Considering the legacy commission issue first, I think everyone agrees that the long-term nature of many products leads to complexity in terms of changing rules down the track. In this instance it seems that where a client tops-up an existing investment or switches between funds on the advice of his or her adviser, the adviser will no longer be able to receive commission from the product provider.
This is probably more seismic than it might seem as most legacy product systems will be unable to cope with the change and it is therefore possible that clients will leave legacy arrangements as they are and invest any new money in newer, more modern solutions. I would also hazard a view that the change will accelerate the market shift toward platforms and particularly toward truly open, transparent platforms such as Nucleus, Transact and Novia.

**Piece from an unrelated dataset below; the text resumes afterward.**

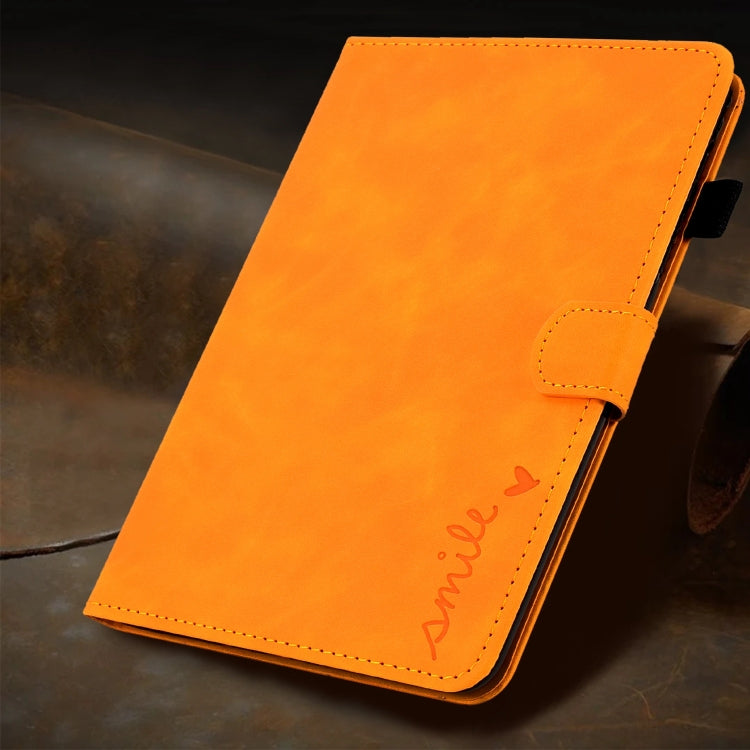 For iPad Pro 11 2024 Embossed Smile Smart Leather Tablet Case(Khaki) - iPad Pro 11 2024 Cases by PMC TechLife | Online Shopping South Africa | PMC TechLife | Buy Now Pay Later Mobicred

As with any change there will always be some people disadvantaged but the regulator has to draw a line somewhere. Industry calls for a five-year sunset clause had some merit but then again if something has been wrong for a long time there is little merit in perpetuating the root cause.
A slightly bizarre footnote is that moving from one platform to another will not be considered advice and will therefore not be challenged by these rules. I can only imagine this holding for unwrapped holdings where the switch is not from one packaged product to another. It’s hard to imagine an in-specie Sipp transfer being outside the scope of the rules!

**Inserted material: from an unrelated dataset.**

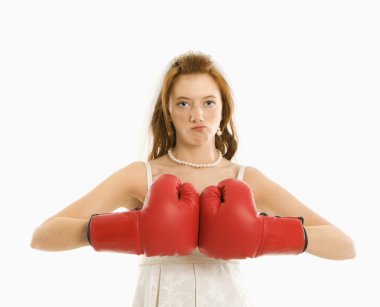 Bride with boxing gloves. clipart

In a rather challenging week for life company IT executives (and pricing actuaries), the suggestion that fund managers be banned from providing rebates to life offices is progressive in the extreme. It won’t be true everywhere but there are many, many examples where the pricing structure of the product is significantly dependent on the product provider receiving shelf space kickbacks or distribution allowances from asset managers to make the whole thing just about work. Banning such payments is intuitively obvious at a time when the FSA is seeing to remove all bias from retail financial services.

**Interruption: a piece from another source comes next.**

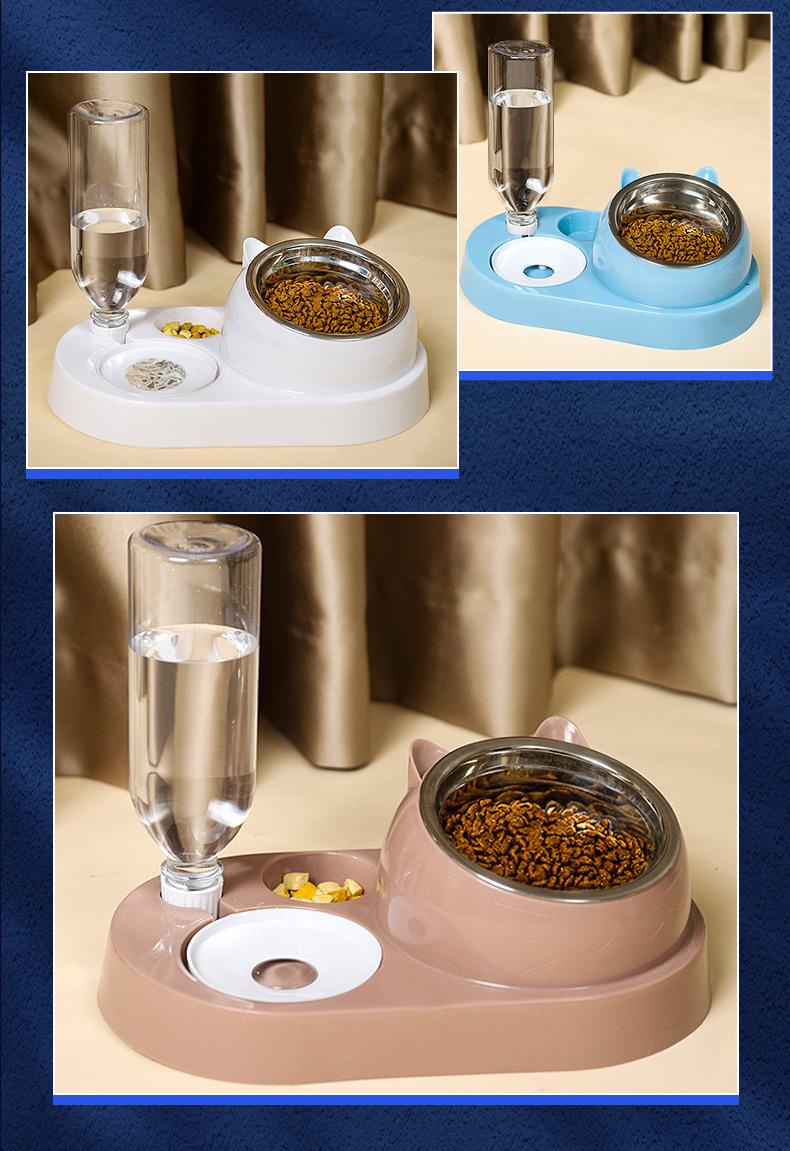 Double Bowl Automatic Water Dispenser Dog Bowl Cat Food Basin Stainless Steel Pet Supplies Protect The Spine Glass Bottle Mouth | Fugo Best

Implementing any ban could prove to be the biggest nightmare for a sector already under the strain of advisers/clients increasingly adopting platforms and the scrutiny of analysts questioning the business model. Even if one can put the catastrophic economic impact to one side (for a moment) the technology and operational implications will be massive. Spending loads of money to ensure you can no longer receive a significant chunk of your revenue is seldom a cool place to be!
On the straight financial point, this has been coming for a long, long time. In fact, I’d argue that the sector’s decline began when providers started offering the funds of third parties and has only accelerated since then. When the IFP was established and advice became more client-focused and the early pioneers of truly open architecture started their movement the writing really was on the wall.
Should a rebate ban come into force, those walls will surely start to tumble, the sector will crumble and billions of pounds of client money will be liberated. Given the new transparency is gradually creating a more competitive market one would hope that most of the money moving around will find itself in a better place.
David Bowie said he still didn’t know what he was waiting for. Well, we’ve been waiting for progress like this for a while now. Ch…ch…ch…changes indeed.